Funny! This ain’t a funny film. Afterwards my friend and I mused on the wisdom of having a 10 year old watch such a film, and we agreed that even fiction reality is a good vehicle to construct dialogue with one’s children. One can not protect one’s or other’s children from exposure to what is human, and often either threatening or confronting. Dialogue is important, and children will be exposed to all sorts of situations from which many lessons can be learned and which may shatter their delicate sensitivities. A child’s mind should however not be underestimated, neglected, nor left wondering in the vacuum.
Technorati Tags: Locarno Film Festival
From my point of view the film did not look into just guilt, and it did take a look at guilt and showed colours of one of its symptoms, depression. There were emotionally laden, desperate sex scenes and we had a ten year old with us.
Somehow all of what is on my mind has really not much to do with the film, a good film in its genre, and one that will not go down easy. I liked the story very much, but then I am inclined to liking heavy dramatic stories that leave emotions naked and beings without answers, but with lots of questions.
While walking through Locarno after seeing this film, my friend and I wondered a bit why it is that today’s view of sexuality is to either banalize it or criminalize it. Whatever happened with sex being normal?

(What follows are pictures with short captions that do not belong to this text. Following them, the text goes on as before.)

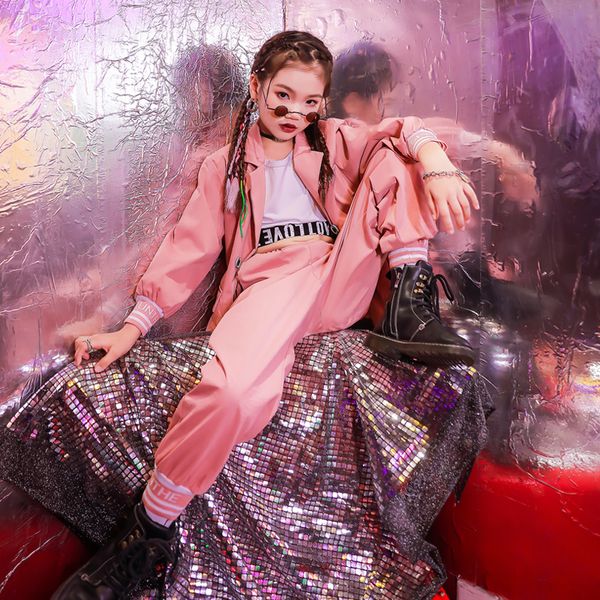 hip hop dance costume long sleeve girls clothes performance costume jazz dancing wear dancer outfit catwalk outfits jl2501, Black;red
hip hop dance costume long sleeve girls clothes performance costume jazz dancing wear dancer outfit catwalk outfits jl2501, Black;red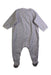 A White Onesies from Petit Bateau in size 6-12M for girl. (Back View)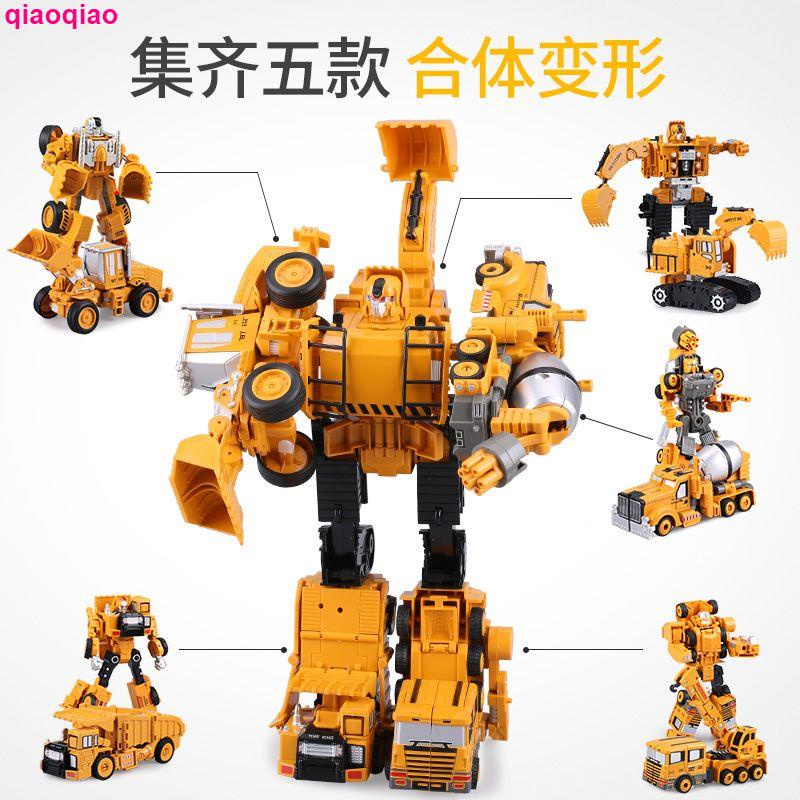 Mô Hình Xe Hơi Biến Hình Rô Bốt Bằng Hợp Kim Cho Bé Trai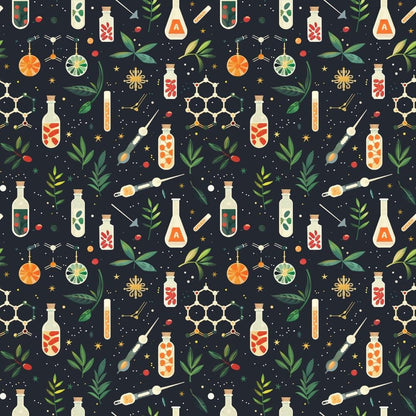 Science Kit Pattern 19 Quilting Cotton Fabric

I like to argue that sex is as normal as eating and breathing. However when I think a bit further, there seems to be a lot around the misuse of food, and breathing seems a long lost art of life. I wonder, do wonder… what malaise – if any – has taken over that food, sex, and air all seem so damn threatening. Death was the the theme of the film, not sex, not food, not air, not suicide, not depression. Life and death, just the normal thing about life.